## Task goal
Repeat exactly the lines of the entries below from the one with "1. Weltkrieg, Soldbuch" through the one with "DIY Retro Flower", both ends included, and nothing else.

## Supplied records
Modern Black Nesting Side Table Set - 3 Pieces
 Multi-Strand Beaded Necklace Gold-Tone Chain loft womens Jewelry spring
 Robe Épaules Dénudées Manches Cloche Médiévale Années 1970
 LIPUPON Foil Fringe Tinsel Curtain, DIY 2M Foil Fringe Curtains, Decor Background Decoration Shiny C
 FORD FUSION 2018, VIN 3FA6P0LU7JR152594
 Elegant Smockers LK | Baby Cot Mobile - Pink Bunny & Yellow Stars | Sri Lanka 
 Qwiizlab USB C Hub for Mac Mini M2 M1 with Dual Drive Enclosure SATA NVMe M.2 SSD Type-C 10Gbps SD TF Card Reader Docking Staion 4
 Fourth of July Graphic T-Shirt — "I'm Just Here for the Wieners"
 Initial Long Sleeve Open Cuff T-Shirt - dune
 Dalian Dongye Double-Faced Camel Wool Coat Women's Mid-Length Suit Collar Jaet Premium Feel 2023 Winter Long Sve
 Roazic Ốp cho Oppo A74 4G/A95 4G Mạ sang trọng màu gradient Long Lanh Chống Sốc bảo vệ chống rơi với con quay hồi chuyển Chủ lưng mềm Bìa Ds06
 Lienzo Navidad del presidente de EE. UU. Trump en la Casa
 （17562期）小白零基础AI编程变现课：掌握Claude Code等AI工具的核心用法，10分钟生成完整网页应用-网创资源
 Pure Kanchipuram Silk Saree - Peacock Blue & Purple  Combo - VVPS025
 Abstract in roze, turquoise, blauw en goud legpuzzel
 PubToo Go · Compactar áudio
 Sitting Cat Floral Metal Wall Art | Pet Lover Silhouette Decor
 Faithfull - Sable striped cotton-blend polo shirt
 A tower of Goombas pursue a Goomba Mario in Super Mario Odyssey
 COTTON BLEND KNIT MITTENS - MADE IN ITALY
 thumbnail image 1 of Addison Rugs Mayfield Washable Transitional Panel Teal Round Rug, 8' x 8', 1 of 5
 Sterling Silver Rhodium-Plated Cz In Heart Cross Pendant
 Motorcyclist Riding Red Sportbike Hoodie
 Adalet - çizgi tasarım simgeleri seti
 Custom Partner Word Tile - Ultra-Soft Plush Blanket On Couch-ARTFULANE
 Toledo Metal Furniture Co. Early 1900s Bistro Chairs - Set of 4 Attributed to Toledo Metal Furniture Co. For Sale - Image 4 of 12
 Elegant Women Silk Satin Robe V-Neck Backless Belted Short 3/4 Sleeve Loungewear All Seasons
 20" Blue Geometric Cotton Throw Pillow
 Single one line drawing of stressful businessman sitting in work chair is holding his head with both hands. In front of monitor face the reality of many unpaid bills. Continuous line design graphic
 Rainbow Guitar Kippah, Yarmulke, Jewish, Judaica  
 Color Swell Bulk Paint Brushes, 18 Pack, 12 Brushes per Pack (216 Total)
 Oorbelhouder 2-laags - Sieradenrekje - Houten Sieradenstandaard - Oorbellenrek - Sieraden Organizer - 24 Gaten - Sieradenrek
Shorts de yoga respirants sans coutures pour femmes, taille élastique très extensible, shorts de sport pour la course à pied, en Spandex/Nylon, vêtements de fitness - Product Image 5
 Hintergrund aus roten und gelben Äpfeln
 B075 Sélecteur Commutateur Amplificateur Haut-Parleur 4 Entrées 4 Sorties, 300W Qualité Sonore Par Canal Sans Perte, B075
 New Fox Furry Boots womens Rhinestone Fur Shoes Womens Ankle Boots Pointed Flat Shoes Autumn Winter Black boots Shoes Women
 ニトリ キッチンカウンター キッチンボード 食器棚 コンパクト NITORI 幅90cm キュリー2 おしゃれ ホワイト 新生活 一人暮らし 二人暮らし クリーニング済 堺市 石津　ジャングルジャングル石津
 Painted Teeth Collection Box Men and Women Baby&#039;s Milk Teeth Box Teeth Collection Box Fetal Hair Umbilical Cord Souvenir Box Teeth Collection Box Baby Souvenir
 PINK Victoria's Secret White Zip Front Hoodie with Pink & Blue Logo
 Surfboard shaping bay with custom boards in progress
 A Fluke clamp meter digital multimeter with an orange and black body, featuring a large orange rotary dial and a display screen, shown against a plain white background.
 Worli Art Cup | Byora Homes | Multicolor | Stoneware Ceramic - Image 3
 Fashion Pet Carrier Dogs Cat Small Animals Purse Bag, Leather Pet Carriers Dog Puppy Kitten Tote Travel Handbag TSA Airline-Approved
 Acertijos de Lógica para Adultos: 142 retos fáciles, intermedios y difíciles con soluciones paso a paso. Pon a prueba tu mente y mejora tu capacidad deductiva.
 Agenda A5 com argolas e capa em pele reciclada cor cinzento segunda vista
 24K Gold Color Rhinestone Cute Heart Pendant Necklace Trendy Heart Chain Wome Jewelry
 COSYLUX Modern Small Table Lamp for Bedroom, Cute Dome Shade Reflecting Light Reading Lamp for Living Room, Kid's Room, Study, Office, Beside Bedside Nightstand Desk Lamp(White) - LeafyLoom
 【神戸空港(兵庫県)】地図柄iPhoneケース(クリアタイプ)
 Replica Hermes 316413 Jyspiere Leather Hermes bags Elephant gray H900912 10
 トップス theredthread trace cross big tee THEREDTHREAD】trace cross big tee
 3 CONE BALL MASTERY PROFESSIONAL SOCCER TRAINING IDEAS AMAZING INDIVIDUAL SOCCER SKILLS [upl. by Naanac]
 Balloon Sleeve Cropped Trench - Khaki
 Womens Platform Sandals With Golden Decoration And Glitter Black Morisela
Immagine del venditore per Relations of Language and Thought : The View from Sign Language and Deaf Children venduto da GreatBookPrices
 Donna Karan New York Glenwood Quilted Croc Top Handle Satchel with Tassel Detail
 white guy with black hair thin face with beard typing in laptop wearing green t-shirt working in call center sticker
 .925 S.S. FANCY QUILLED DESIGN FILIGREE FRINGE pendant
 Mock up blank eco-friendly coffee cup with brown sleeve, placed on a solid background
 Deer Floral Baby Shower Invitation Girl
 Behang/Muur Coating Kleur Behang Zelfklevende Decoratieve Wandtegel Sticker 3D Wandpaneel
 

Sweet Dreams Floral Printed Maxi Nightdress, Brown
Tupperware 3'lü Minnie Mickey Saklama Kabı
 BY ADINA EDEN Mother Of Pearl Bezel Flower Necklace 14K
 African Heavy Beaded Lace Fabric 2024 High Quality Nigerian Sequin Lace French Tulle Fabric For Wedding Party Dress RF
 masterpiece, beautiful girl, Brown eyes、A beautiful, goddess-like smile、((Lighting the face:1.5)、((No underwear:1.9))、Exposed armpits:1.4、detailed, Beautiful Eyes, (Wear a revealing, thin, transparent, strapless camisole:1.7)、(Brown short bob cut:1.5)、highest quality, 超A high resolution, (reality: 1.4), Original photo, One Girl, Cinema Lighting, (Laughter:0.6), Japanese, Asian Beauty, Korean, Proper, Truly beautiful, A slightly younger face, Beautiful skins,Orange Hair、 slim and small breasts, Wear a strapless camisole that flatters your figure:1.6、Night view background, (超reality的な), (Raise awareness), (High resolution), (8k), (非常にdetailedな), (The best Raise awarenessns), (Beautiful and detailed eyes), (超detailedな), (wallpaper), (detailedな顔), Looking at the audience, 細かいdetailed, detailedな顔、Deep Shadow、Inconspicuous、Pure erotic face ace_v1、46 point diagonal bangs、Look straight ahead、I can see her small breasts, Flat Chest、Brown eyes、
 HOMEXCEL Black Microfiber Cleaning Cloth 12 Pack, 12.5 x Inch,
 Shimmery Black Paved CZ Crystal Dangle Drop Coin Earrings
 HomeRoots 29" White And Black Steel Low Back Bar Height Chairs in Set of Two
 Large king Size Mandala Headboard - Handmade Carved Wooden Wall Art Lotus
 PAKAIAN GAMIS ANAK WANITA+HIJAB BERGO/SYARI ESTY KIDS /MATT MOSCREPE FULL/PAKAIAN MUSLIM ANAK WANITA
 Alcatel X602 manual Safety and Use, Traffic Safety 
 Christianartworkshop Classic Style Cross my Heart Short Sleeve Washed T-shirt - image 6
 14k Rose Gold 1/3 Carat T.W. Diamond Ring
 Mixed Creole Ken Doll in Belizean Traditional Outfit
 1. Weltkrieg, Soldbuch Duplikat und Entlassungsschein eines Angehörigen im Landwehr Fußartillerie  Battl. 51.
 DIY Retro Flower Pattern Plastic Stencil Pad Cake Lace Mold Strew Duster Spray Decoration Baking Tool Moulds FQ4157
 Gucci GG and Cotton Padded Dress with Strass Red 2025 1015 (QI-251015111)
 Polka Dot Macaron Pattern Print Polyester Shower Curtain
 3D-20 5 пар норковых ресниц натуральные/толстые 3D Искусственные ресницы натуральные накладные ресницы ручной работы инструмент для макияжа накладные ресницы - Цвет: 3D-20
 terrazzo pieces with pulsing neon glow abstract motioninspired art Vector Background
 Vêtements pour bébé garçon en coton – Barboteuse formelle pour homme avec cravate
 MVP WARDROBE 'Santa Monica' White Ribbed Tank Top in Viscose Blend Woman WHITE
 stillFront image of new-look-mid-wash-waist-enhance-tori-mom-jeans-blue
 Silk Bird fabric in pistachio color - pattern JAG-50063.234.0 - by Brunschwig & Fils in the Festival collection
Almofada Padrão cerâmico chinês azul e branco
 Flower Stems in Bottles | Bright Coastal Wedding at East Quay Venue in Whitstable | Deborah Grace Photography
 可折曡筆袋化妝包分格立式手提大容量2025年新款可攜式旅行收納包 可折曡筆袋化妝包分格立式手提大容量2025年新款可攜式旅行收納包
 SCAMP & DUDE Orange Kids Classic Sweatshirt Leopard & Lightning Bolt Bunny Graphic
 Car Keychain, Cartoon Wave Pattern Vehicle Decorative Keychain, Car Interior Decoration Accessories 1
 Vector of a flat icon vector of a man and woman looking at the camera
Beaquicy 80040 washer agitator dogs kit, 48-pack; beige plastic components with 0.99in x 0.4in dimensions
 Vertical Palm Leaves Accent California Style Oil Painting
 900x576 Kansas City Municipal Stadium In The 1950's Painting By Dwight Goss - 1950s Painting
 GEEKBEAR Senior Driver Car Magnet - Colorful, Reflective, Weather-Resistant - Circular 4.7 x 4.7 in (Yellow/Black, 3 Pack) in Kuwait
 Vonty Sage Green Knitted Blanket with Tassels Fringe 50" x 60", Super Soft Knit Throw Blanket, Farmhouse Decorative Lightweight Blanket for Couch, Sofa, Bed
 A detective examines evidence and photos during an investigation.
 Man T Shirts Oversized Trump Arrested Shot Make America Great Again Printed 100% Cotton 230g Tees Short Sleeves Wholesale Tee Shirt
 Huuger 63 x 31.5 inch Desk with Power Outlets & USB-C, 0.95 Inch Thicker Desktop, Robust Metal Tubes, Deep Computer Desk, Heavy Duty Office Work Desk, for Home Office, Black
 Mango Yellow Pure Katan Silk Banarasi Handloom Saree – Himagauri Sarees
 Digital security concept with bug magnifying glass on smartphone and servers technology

## Response
 1. Weltkrieg, Soldbuch Duplikat und Entlassungsschein eines Angehörigen im Landwehr Fußartillerie  Battl. 51.
 DIY Retro Flower Pattern Plastic Stencil Pad Cake Lace Mold Strew Duster Spray Decoration Baking Tool Moulds FQ4157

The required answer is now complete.